Free live music, fresh food from award-winning restaurants and strong drink will highlight the 2nd Annual Bastille Day Festival this Saturday evening at the intersection of Esplanade Avenue and Ponce de Leon Street.

The Faubourg-St. John Merchants Association will close off the 3100 block of Ponce de Leon Street from 5 p.m. to 9 p.m. for the street fair, which will feature an arts and crafts table for children, the bands Vavavoom and The String Beans, and petanque, a French lawn game similar to bocce.

“Last year was a lot of fun—huge turnout. The music is great. It was just packed. We’re all looking forward to it,” said Erin Peacock, the co-owner of Lux, a high-end spa on Ponce de Leon Street.

Peacock estimated that 500 people showed up last year. She expects an even higher turnout this year since the New Orleans Convention and Visitors Bureau listed the event on their Web site.

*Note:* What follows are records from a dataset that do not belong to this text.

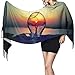 Produktbild AOOEDM Pashmina Schal Wrap, Glühbirnen und Sonnenuntergänge Komfortable Kaschmir Schal Schal mit Quaste für Frauen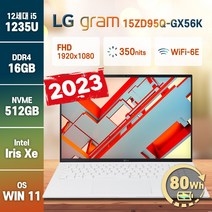 LG전자 2023년형 그램15 15ZD95Q-GX56K 윈도우탑재 LG정품파우치 증정, WIN11 Home, 16GB, 512GB, 코어i5, 화이트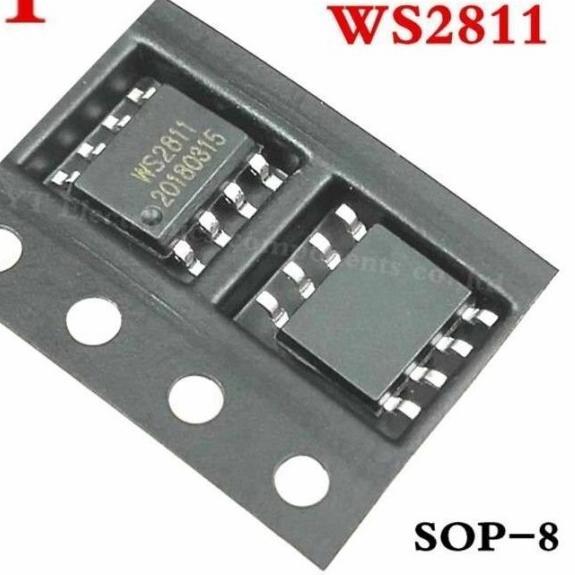 WS2811S WS2811 2811 IC SMD LED RGB DRIVER SWITCHER WORLDSEMI SOP-8 SE27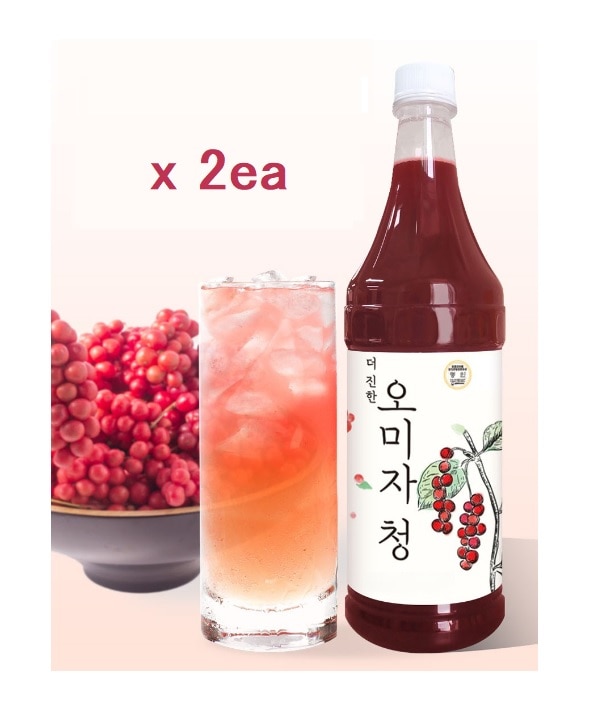 韓国産 オミジャ清（五味子清）900ml 2ea / 五味子原液 原液 韓国人気 韓国商品 韓国茶 疲労回復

Katrinafilm features a three-minute video and photo montage of last year’s festivites.

Nearly a dozen neighborhood businesses will have booths offering fair-goers everything from fine cuisine, to wine and beer, to tee-shirts and soap.

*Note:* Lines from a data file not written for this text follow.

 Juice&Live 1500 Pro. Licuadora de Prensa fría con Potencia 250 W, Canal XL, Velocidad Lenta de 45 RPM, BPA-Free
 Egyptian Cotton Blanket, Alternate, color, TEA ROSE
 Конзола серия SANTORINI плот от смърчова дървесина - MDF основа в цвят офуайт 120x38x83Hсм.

Laurent Rochereux is a sous-chef at Café Degas, a neighborhood French bistro known for top-notch dining, and said they will serve a white bean and duck confit salad topped with a cherry vinagrette.

Chris Reel is the executive chef at la Vita, an Italian restaurant just down the street. His street-fair fare will include an eclectic combination of köfte (Turkish-style meatballs), along with Creole tomato gazpacho, a Mediterranean salad served with a lemon vinagrette, and margaritas. Prices will range from four to six dollars.

Fair Grinds Coffeehouse will serve ice cream sandwiches in a variety of flavors, including Creole cream cheese, “a local favorite” according to Robert Thompson, the coffee shop’s co-owner.

The festival is not only a chance to buy things, but also an opportunity for neighbors and local businesses to come together.

“This is a very active community in this neighborhood,” said Peacock. “People are very supportive of the businesses here. It’s a very positive thing for everybody. It doesn’t take much for people to decide they want to have a party.”